Hal ini menurutnya, TBC lebih mengkhawatirkan, mengingat gejala orang yang terjangkit tidak akan muncul dalam waktu singkat seperti COVID-19 yang dapat dideteksi hanya dalam hitungan hari, dan paling lama dua pekan.

"Kontak tracing khusus TBC itu sudah ada sejak 2006 tapi masih tidak dilakukan dengan baik," ujar Rina pada konferensi pers yang disiarkan secara daring, Senin (20/3/2023).

Rina menjelaskan, gejala TBC bagi seseorang yang terjangkit baru akan muncul hingga dua tahun setelahnya. Sedangkan pada sebagian besar kasus, gejala akan muncul dalam periode satu tahun.

"Sehingga kalau kita kontak dengan pasien TBC tidak akan ada gejala dalam waktu dekat, akan terlihat sehat, sehingga ini perlu kita waspadai," tambahnya.

Pada tahun 2021, estimasi jumlah kasus TBC di Indonesia sebanyak 969. Namun Rina menyebut capaian utama program TBC Nasional seperti indikator penemuan dan pengobatan pada TB sensitif obat (SO) maupun TB resisten obat (RO) masih di bawah target.

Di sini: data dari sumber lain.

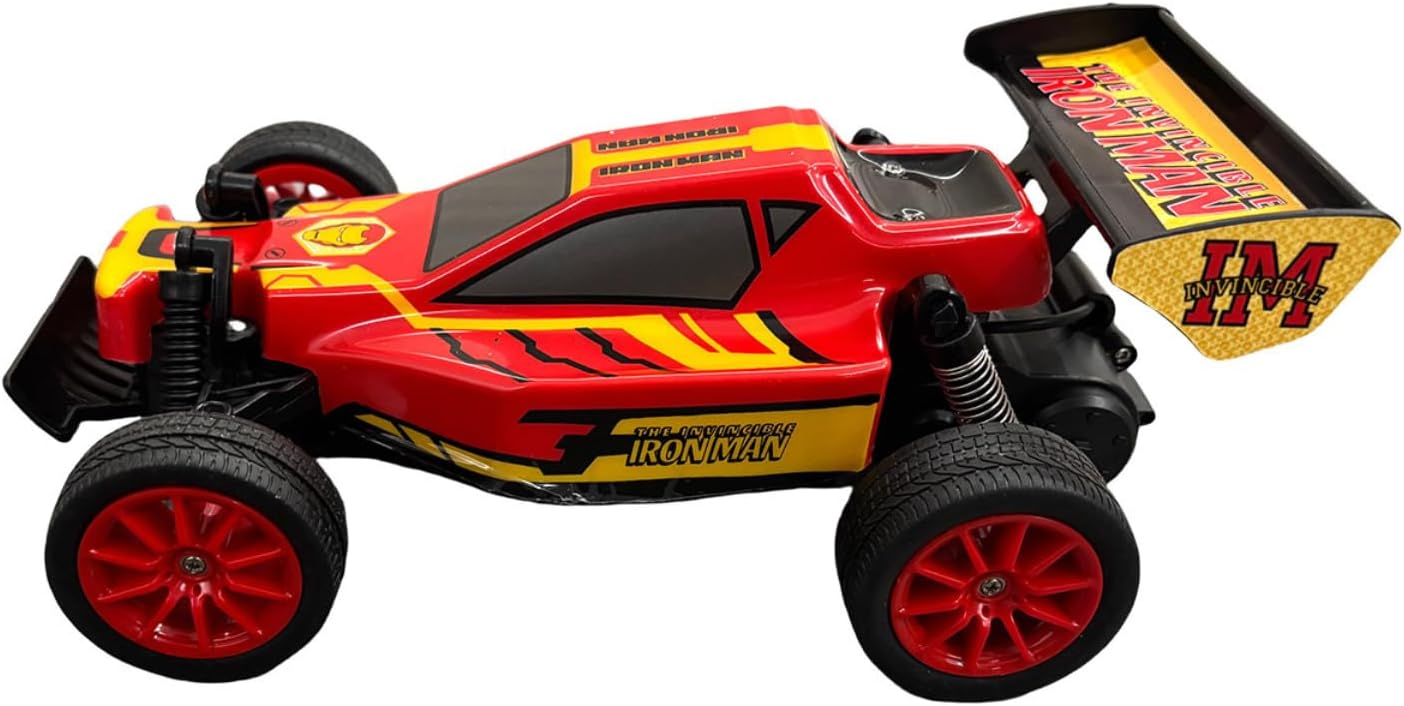 Marvel Iron Man Inferno GT Blazer 2.4 GHz RC Car – Full Function Remote Control Racing Truck with LED Lights, High-Speed Avenger Toy Vehicle for Kids & Collectors, Ages 6+, Official Marvel Merchandise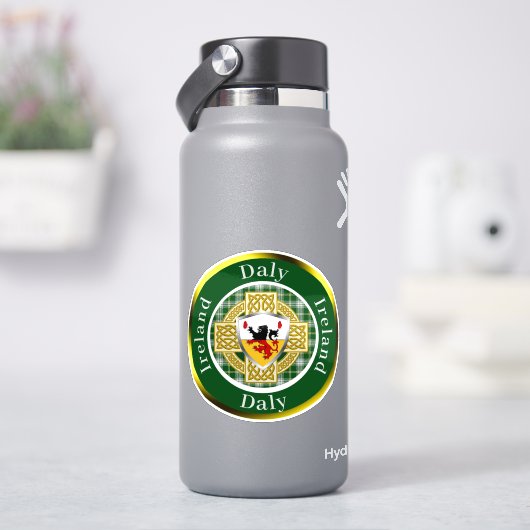 Daly Shield & Celtic Cross オーダーメイド シール (HydroFlask)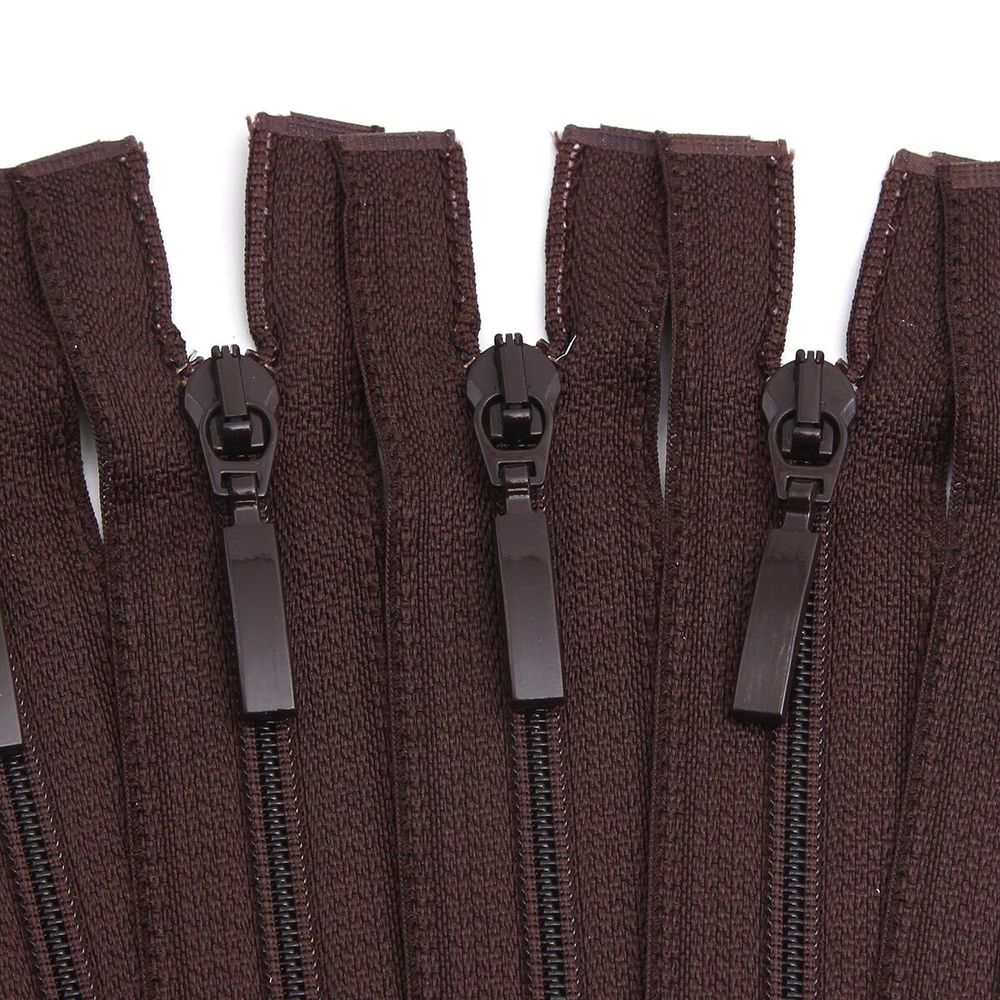 Молния спираль (витая) Arta Т5 (5 мм) 1 зам., разъем., 50 см, цв. 141 т.коричневый, уп.5 шт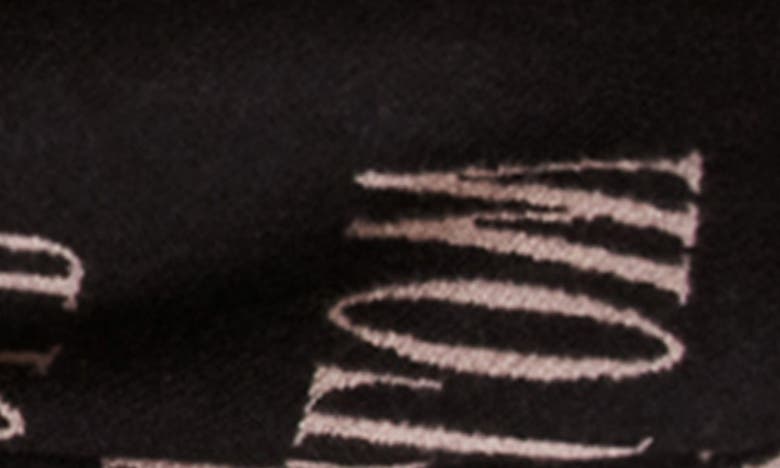 Allsaints Varsity Woven Wool Blend Scarf In Blush Black
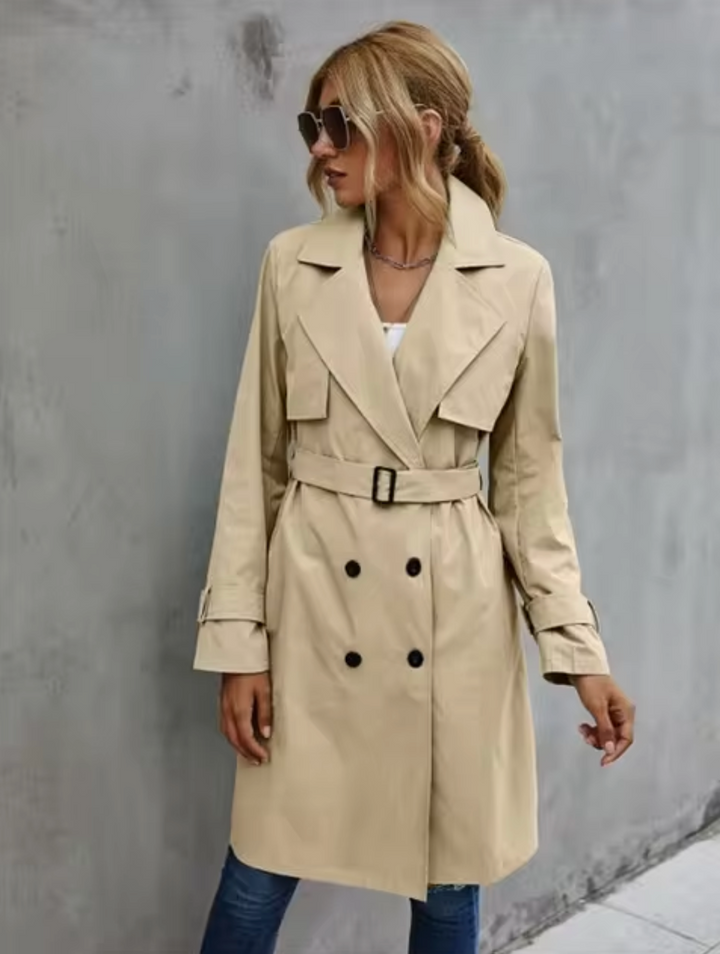 Andrea | Damenmode Doppelreihiger Trenchcoat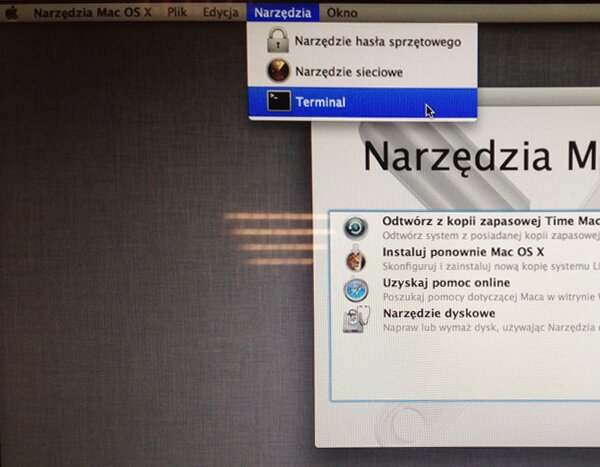 Reset hasła administratora w Mac OS X Mountain Lion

"Yang sudah terdata masuk pada program TBC Nasional itu baru sekitar 46 persennya, artinya, masih ada 54 persen kasus ini yang hilang, tidak terdeteksi," kata Rina.

Kabar baik, Rina menyebut pada tahun 2022 kasus hilang tersebut telah menurun hingga tersisa 25 persen.

Meski begitu, kasus TBC pada anak di tahun lalu melonjak hingga mencapai 88.000 kasus.

"Apakah pelonjakan ini akibat pandemi mereka banyak di rumah jadi tidak berobat, bisa jadi daya tahan anak-anak yang semakin rendah, atau memang tracing-nya yang semakin gencar? Ini masih harus dievaluasi," imbuhnya.

Untuk itu, Rina tak henti mengingatkan masyarakat untuk tidak menyepelekan TBC, selain berusaha melakukan pelacakan lebih masif bagi pemerintah dan berbagai fasilitas kesehatan.

Ketua UKK Respirologi IDAI itu juga mengimbau pemberian obat pencegahan TBC harus ditingkatkan. "Apakah TBC bisa dicegah? Bisa, karena TBC sudah ada obatnya, tidak untuk anak dan remaja saja tapi juga dewasa. Obat ini disediakan gratis dari pemerintah," kata dia.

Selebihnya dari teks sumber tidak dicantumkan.